PCGA wants TCP to stabilise cotton prices

13 Dec, 2011

A meeting of the Pakistan Cotton Ginners Association (PCGA) was held in Karachi on Monday to analyse the latest developments on the cotton arena. The major agenda was how to stop cotton prices from declining.
Presiding over the meeting, a former chairman of PCGA and member of the provincial assembly (MPA), Abdul Sattar, urged the government to ask the Trading Corporation of Pakistan (TCP) to intervene in the market to bring long-lasting stability in the prices, so that the growers and ginners might take a sigh of relief because prices before one-year prices hit all-time high at Rs 14,000 but now the rates came down to Rs 5,300. The textile sector is the major earner of foreign exchange. If the government does not intervene in the market, how the ginners would run their business in loss? he said.
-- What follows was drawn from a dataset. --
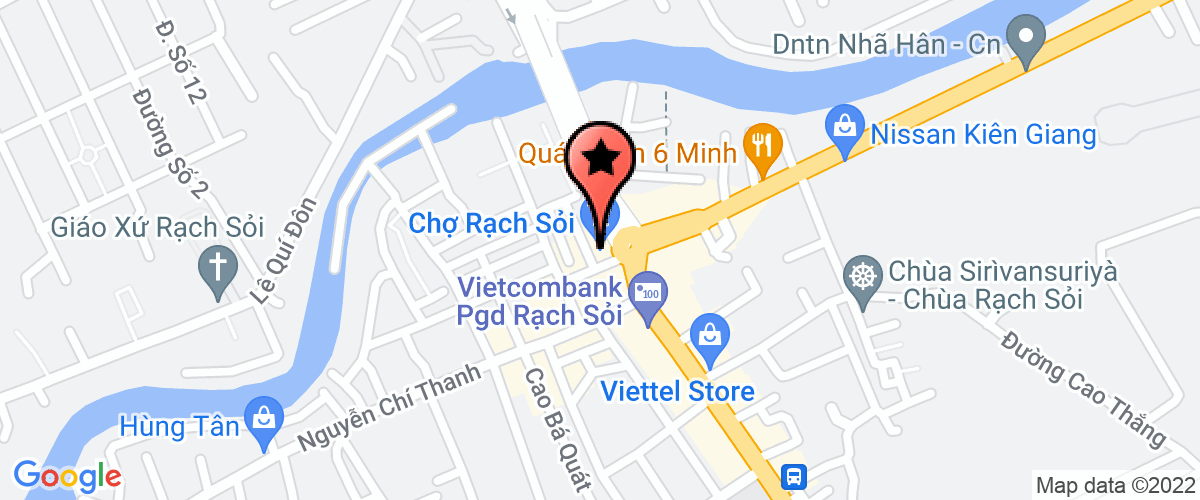 Bản đồ đến địa chỉ Công Ty Cổ Phần Đầu Tư Xây Dựng Hồng Trung - Kiên Giang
It is a fact that under the circumstances, demand for cotton is falling the world over and growers and ginners were worried about the decline in rates in Pakistan. During the current season, the country may produce over 13 million bales of cotton despite monsoon and floods in Sindh cotton belt. Despite this positive factor, exports in textile sector may not achieve desired target due to decline in foreign orders.
It is expected that a record cotton production and declining consumption will expand global stockpile, deriving more fall in the prices of this year''s worst-performing commodity. On the other hand, in the absence of basic requirements such as water, power electricity, gas supply and roads, the ginners were not able to meet the deadlines for the foreign orders. As a result, the country is losing huge foreign exchange.
Leading analyst Naseem Usman said that, in fact, high cost of production during the harvesting season of cotton was causing jitters among growers. The PCGA chairman, Ammanullah Quraishi, who is in Lahore, suggested on phone that the TCP should fix the fine quality of seeds cotton at Rs 6,500, medium variety at Rs 5,500 and inferior type at Rs 4,500, Naseem said.